Sea level rise is a metaphor for climate change developments generally. A paltry three millimetres a year, so what? A fraction of a degree Celsius, hardly enough to inspire any political unrest. Climate change is ideally suited, seemingly almost tailor made, for what's called "creeping normalcy." Until it actually costs us something or kills someone we know we pretty much accept it without a second thought. It becomes the new normal.
As Jared Diamond observes, creeping normalcy may not matter much to the general public but it's very important to one group, our political caste. It defines what they can get away with in this era of Everyday Low Taxes.
It's all about what you can get away with. That goes for the plebs too. We can get away not noticing. We can get away with the status quo as we imagine it. We don't want to see our taxes go up. Out of sight, out of mind. But I digress.
There is very little climate change "news" these days. There's nothing much new. It's just an incrementally worse version of what we had yesterday or last year. What we now get is what I think of as climate change "churn." We're churning over the same old stories and people just get bored with it. It becomes nearly impossible to discern the significance of the latest reports, what differentiates the newest research from what can appear to be the near identical research before it. Who can keep track of what's what?

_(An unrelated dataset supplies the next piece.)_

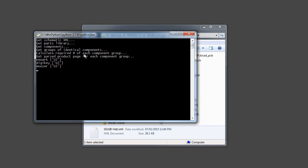Groups those components into groups that are identical so it only has to do a web scrape for one page for each group of components, so it doesn't have to do a scrape for each individual component. And now it's just going out to each website and picking up the part information for each part as it goes through the list. And this takes a while, maybe one or two minutes.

There are occasional encouraging signs. The latest editorial in the Gainsville Sun is an example. Gradually, incrementally, the people of Florida are coming to realize that their state is in the cross hairs of global warming. And finally even the papers are beginning to point fingers - at the state's Republican leadership.
Coastal areas in Florida from Miami Beach to Cedar Key are already seeing effects such as sunny-day flooding and powerful storm surges, and conditions are likely to worsen. Even mid-range projections by National Oceanic and Atmospheric Administration scientists put the seas around Florida up to 17 inches higher by 2030 and up to 5.5 feet higher by 2070.

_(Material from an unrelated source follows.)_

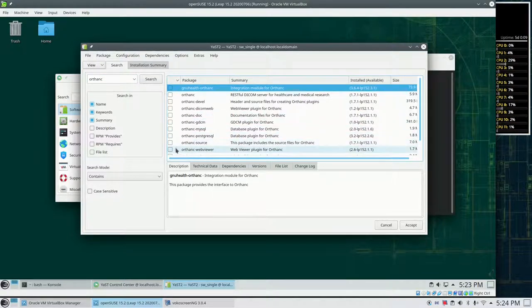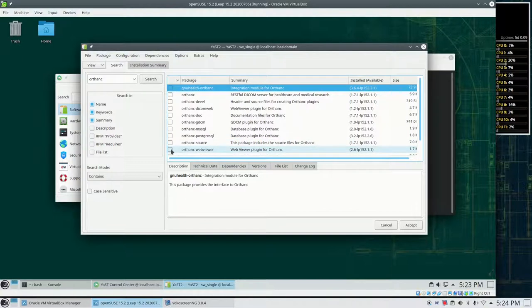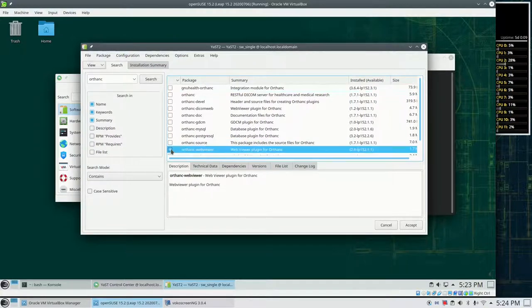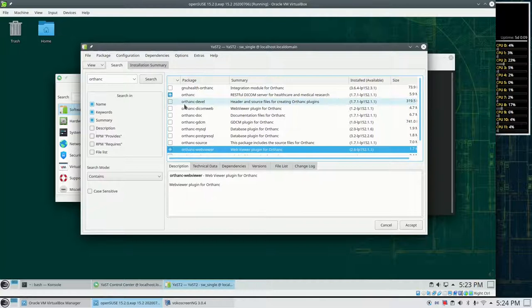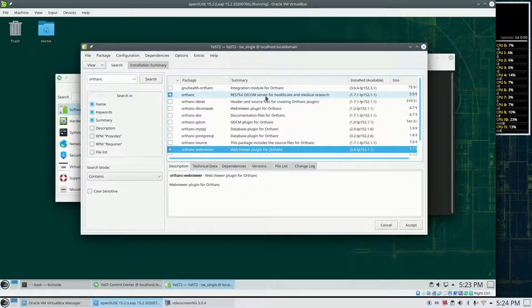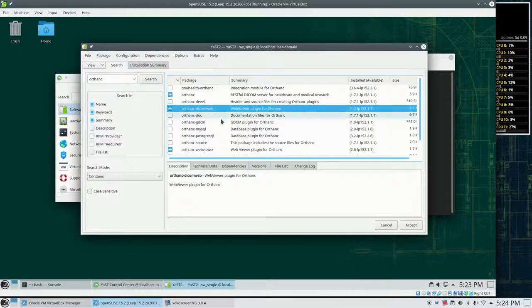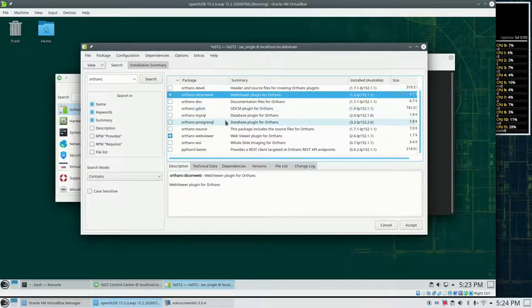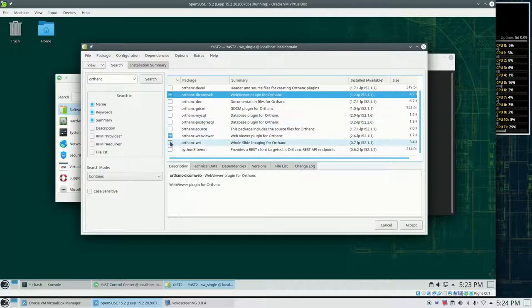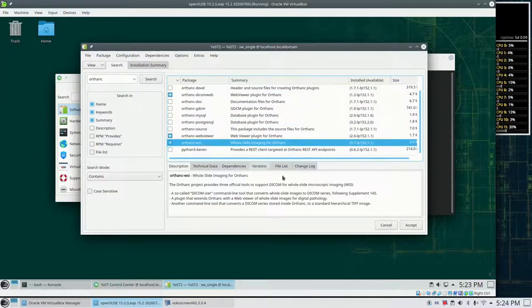So let's install a couple of plugins because if I select a plugin it should automatically select the server as well. This is working. So I use DICOM Web, the Web Viewer, and the whole slide imaging.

Just three feet of sea level rise could force at least 1.2 million Floridians to leave low-lying communities for higher ground, according to one study cited in the article. But any Alachua County resident who dismisses climate change as a problem just affecting the wealthy owners of beachfront homes has another thing coming.

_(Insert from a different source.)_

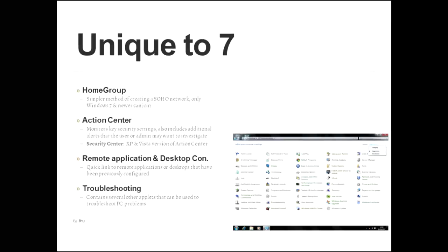Then we have the remote application and desktop connection applet. This is a quick link to remote applications or desktops that have been previously configured. You can configure them from here, but for the most part it's ones that have already been configured that you get access to from there. Then there's the troubleshooting applet, which gives you access to other applets that can be used to troubleshoot PC problems.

Long before low-lying parts of Florida are inundated, researchers project that coastal rivers and tidal creeks will see rapid increases in the frequency and duration of flooding. Rising sea levels can also cause saltwater intrusion in groundwater, threatening drinking water supplies.
Those leaving the coasts will have to go somewhere, stretching the resources of inland areas such as Alachua County. These areas at the same time will be coping with other impacts of climate change, such as shifting agricultural conditions and weather patterns.
Some public officials in Florida are facing the challenge, such as Miami Beach officials working to improve infrastructure to deal with flooding. But too many of the Republicans running the state and federal governments have refused to acknowledge the reality of climate change or do anything to prepare.
Other policy makers need to stop listening to climate change skeptics and starting looking at the scientific evidence. It shows rising seas will be a rising threat to the coastal areas of Florida and other parts of our state in the decades ahead. We all have a responsibility to reduce carbon emissions and prepare for the problems that can’t be prevented.
It's going to take a hell of a lot more than an editorial in the Gainsville Sun to shift public opinion among Floridians and their governor, Rick Scott, will still prohibit state employees from uttering the words "global warming." Of course, coming from a petro-state such as Canada, I'm not sure we have any reason to be smug.